Directions: All of the lines below are to be transcribed faithfully, with pictures excluded from the copy.

Data provided:
____________
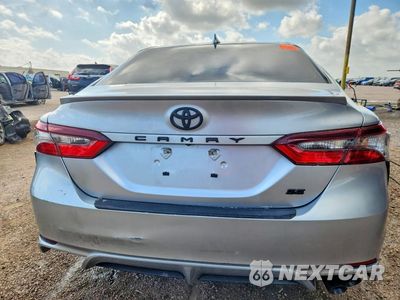 Zdjęcie 6 z 11 samochodu: 2024 TOYOTA CAMRY SE VIN:4T1G11AKXRU895645 - miniatura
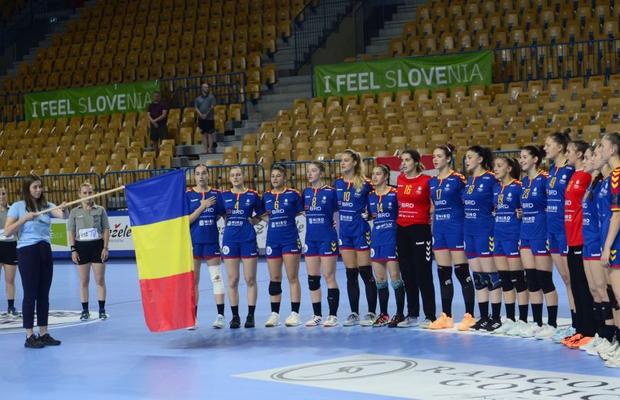 Zbor spre semifinale » România învinge Croația și e la o victorie distanță de lupta pentru medalii!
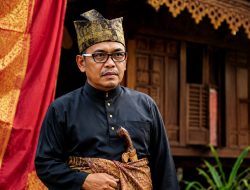 Hermanto Bongkar Politik Uang, Data Bawaslu dan Bayang-Bayang Kecurangan Pilpres–Pileg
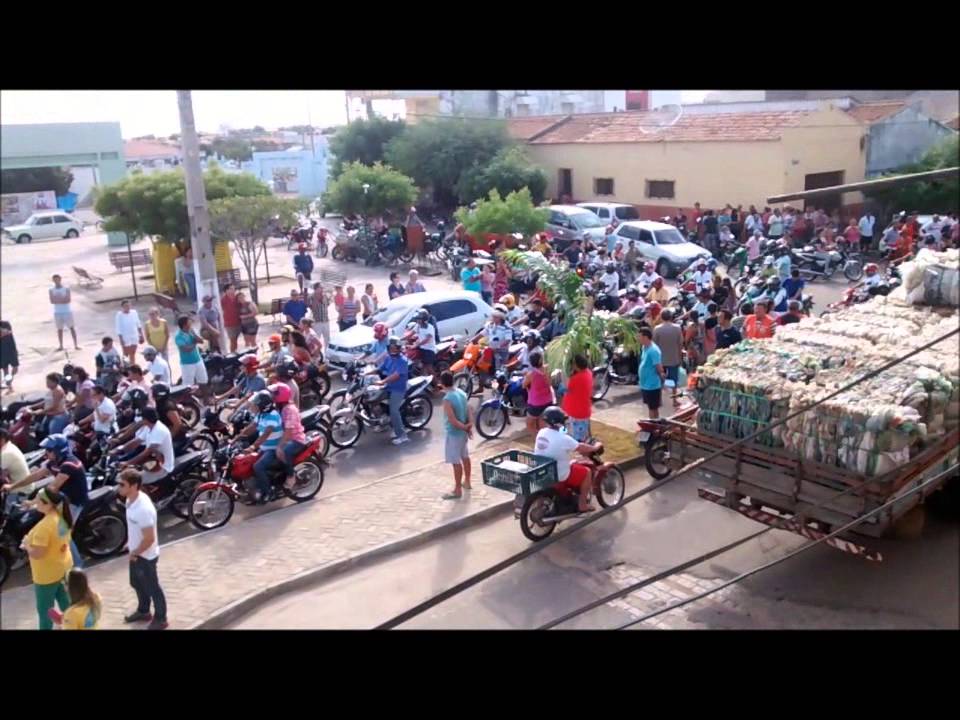 Velório do Cantor Jucelino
____________
Solution for this exercise:
 Zdjęcie 6 z 11 samochodu: 2024 TOYOTA CAMRY SE VIN:4T1G11AKXRU895645 - miniatura
 Zbor spre semifinale » România învinge Croația și e la o victorie distanță de lupta pentru medalii!
 Hermanto Bongkar Politik Uang, Data Bawaslu dan Bayang-Bayang Kecurangan Pilpres–Pileg
 Velório do Cantor Jucelino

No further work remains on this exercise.